Job scheduling
Overview¶
The scheduling and allocation of resources to compute jobs on BriCS compute services (Isambard-AI Phase 1, Isambard 3, etc.) are managed by the Slurm workload manager.
The configuration of the workload manager controls how jobs are scheduled, how resources are shared, and how resource limits are imposed. This configuration is tailored to each BriCS compute service based on the compute resources offered, the expected usage profile of the service, and the principles described in the Resource Management Model.
Key information about the configuration of the workload manager for each compute service is summarized below. For information on how to submit and manage jobs, see the Slurm Job Management guide.
User and project limits¶
The following resource limits are effective at the user and project level.
Resource Limit | Value | Applies to | QoS name | Notes |
---|---|---|---|---|
Max GPUs allocated | 32 | Project | 32gpu_qos |
Maximum gres/gpu resource allocated to all jobs associated with a project |
Resource Limit | Value | Applies to | QoS name | Notes |
---|---|---|---|---|
Max nodes allocated | 64 | User | grace_qos |
Maximum number of compute nodes allocated to a user's jobs |
Max queued jobs | 50 | User | grace_qos |
Maximum number of jobs pending or running for a user |
Max nodes allocated | 128 | Project | grace_qos |
Maximum number of compute nodes allocated to all jobs associated with a project |
Max queued jobs | 200 | Project | grace_qos |
Maximum number of jobs pending or running associated with a project |
Resource Limit | Value | Applies to | QoS name | Notes |
---|---|---|---|---|
Max GPUs allocated | 2 | Project | macs_qos |
Maximum gres/gpu resource allocated to all jobs associated with a project |
Max queued jobs | 20 | Project | macs_qos |
Maximum number of jobs pending or running associated with a project |
Partition configuration¶
Partition name | User accessible | QoS name | Nodes | Maximum walltime | Notes |
---|---|---|---|---|---|
workq (*) | workq_qos |
38 × 4 GH200 node | 24h | For general purpose AI/ML workloads | |
bricsonly | N/A | 1 × 4 GH200 node | N/A | Test partition for BriCS administrators | |
interactive | N/A | 1 × 4 GH200 node | N/A | Test partition for BriCS administrators |
Partition name | User accessible | QoS name | Nodes | Maximum walltime | Notes |
---|---|---|---|---|---|
grace (*) | grace_qos |
384 × 2 Grace CPU superchip node | 24h | For general purpose CPU workloads |
Partition name | User accessible | QoS name | Nodes | Maximum walltime |
---|---|---|---|---|
milan | macs_qos |
12 × AMD Milan CPU node | 24h | |
genoa | macs_qos |
2 × AMD Genoa CPU node | 24h | |
berg | macs_qos |
2 × AMD Bergamo CPU node | 24h | |
spr | macs_qos |
2 × Intel Sapphire Rapids CPU node | 24h | |
sprhbm | macs_qos |
2 × Intel Sapphire Rapids CPU node (HBM) | 24h | |
ampere | macs_qos |
2 × AMD Milan CPU + 4 A100 GPU node | 24h | |
hopper | macs_qos |
1 × AMD Milan CPU + 4 H100 GPU node | 24h | |
instinct | macs_qos |
2 × AMD Milan CPU + 4 MI100 GPU node | 24h |
Multi-Architecture Comparison System (MACS)

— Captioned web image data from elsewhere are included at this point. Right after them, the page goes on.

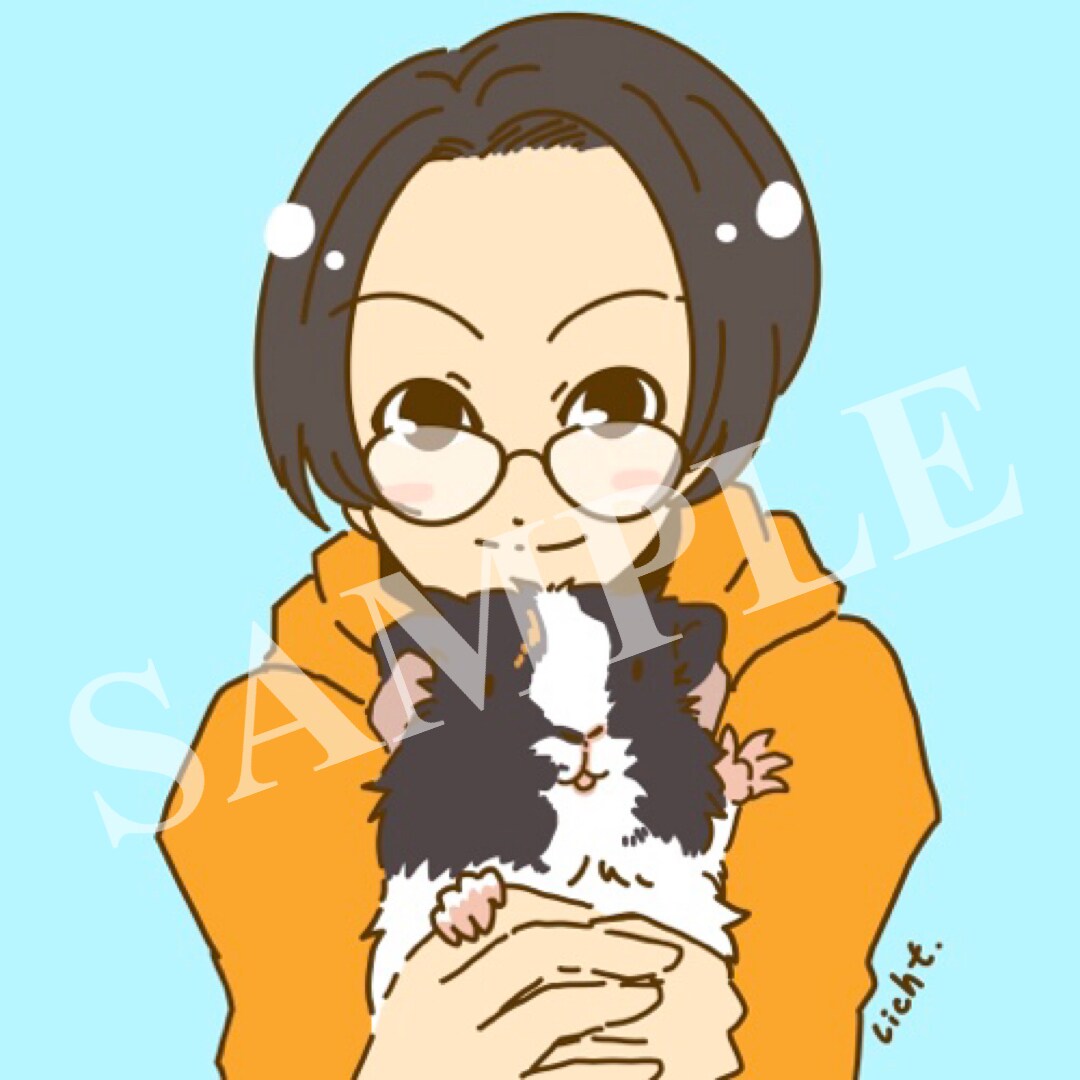 ペットと一緒の似顔絵描きます ゆるかわ風の似顔絵とペットと一緒のアイコン描きます イメージ6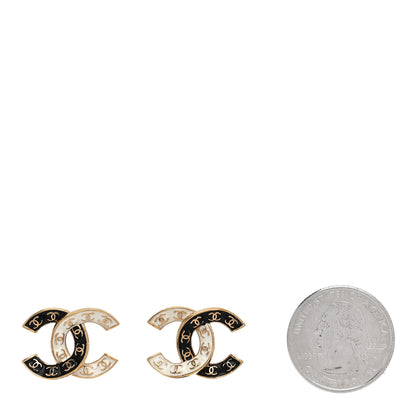 Chanel Enamel CC Logo Earrings Gold Black White 2 of 5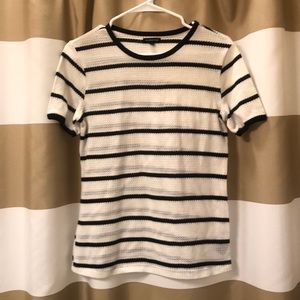 Who What Wear Striped Short Sleeve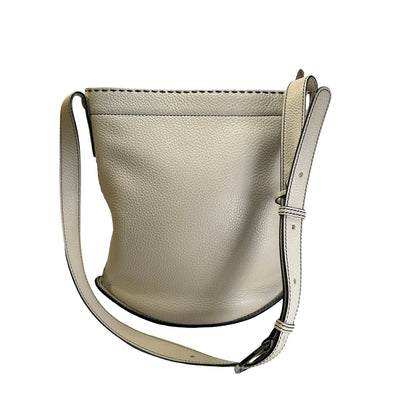 Used DELVAUX Leather Pebbled leather Pin Daily Cross body bag White PHW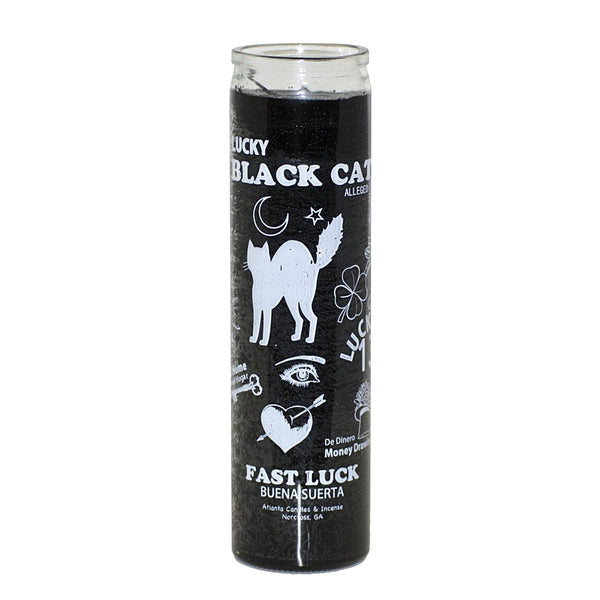 7 Day Black Cat glass candle in black for banishing and protection spell work, altar rituals, and intention setting.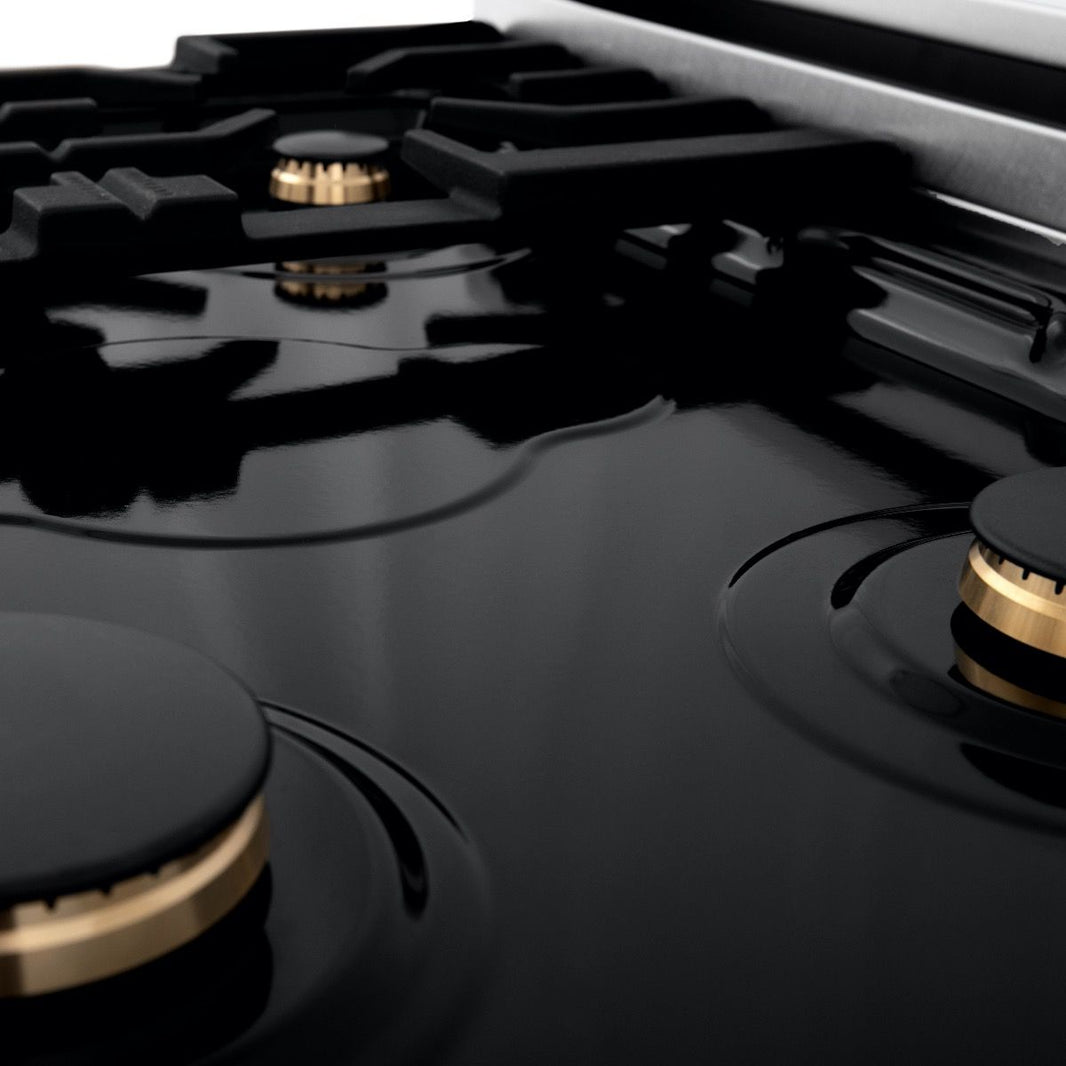 ZLINE 30-Inch Porcelain Gas Stovetop with 4 Gas Brass Burners (RT-BR-30)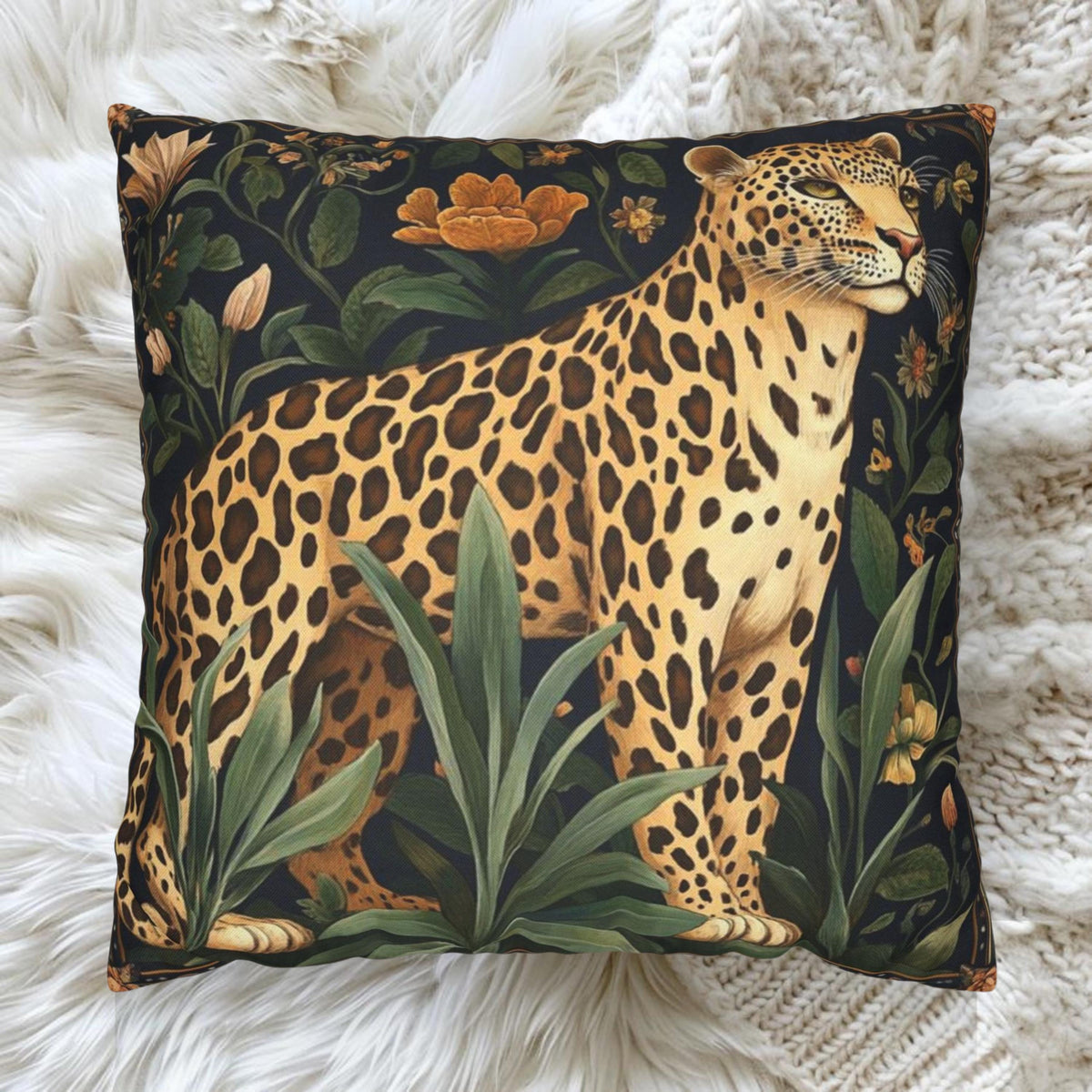 Vintage Leopard Throw Pillow, William Morris Style Pillow Case, Jungle Decor for Couch or Bed, Botanical Art Nouveau Accent Pillow Cover
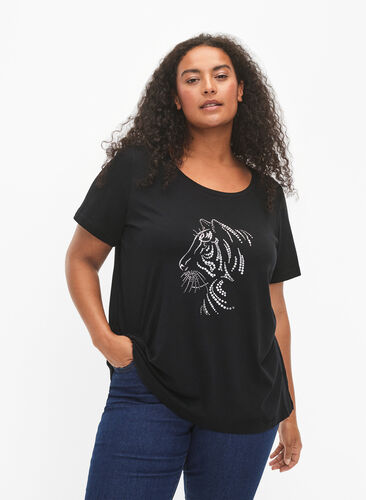 Zizzi Baumwoll-T-Shirt mit Motiv, Black w. Lion, Model image number 0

The Multi-Architecture Comparison System (MACS) comprises small numbers of compute nodes of varying architectures. The system is not suitable for production workloads, and is intended for use to research, evaluate, and compare different node architectures.
(*) Denotes the default partition that jobs are submitted to if no partition is specified.